Results of chemical analyses are provided in Table IV. Note in Table IV that data from sources other than the wells drilled for this study are also included. MO-171, MO-173, MO-175 and MO-176 are the Department of Environmental Protections (DEP) onshore monitoring wells adjacent to the RV camp on Saddlebunch Keys. 2307-SW and 2315-SW are surface-water samples from a canal adjacent to the RV camp, and 2315-EFF is a sample of the effluent collected from the sewage treatment plant at the RV camp. This is the effluent that enters the ground via the two 90-ft-deep (27.4 m) disposal wells. The disposal wells are cased to 60 ft (18.3 m). SCF is a sample from a privately owned 160-ft-deep (49 m) well on Key Largo north of Garden Cove. SCF was collected during sampling round 4 in November 1993, whereas the DEP wells were sampled during the first sampling round on February 22, 1993. Data from these samples may serve as useful background data for any future studies.

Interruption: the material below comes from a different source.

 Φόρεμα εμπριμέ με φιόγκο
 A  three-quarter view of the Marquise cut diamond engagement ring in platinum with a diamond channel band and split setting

Wells were sampled four times during the one-year study period except for wells KL-5 and OR-3, which were sampled only three times. During the first sampling run, well KL-5 was not located due to weather and OR-3 could not be located during the last sampling run due to murky water. KLI-1A&B, the wells on high ground at Key Largo, were located on private property and after the first sampling round, the owner (on advice from his attorney) sealed the wells with cement.

Salinity

This study was initiated on the hypothesis that nutrients entrained in the fresh water that enters Class V disposal wells would be trapped beneath the Q3 unconformity, would form a freshwater "bubble" and would migrate laterally. None of the monitoring wells, however, contained water fresher than sea water except in the shallow onshore wells and MO-173, one of the DEP monitoring wells at the Saddlebunch Keys location. At ORO-1B, salinities ranged from 5 to 8 ppt, undoubtedly in response to rainfall, and during the initial sampling of KLI-1B (the well destroyed by the owner), the salinity was 22.4 ppt. Water from the deep well (KLI-1A) at the same time had a salinity of 38.9 ppt. Water from MO-173, screened from 26 to 36 ft (8-11 m) depth, had a salinity of 33.9 ppt. The salinity of typical reef tract water-column water ranges from 35 to 36 ppt. The shallow well at the NOAA facility (KLI-2B) is greatly influenced by the nearby canal. Salinity in this well ranged between 36 and 41.5 ppt.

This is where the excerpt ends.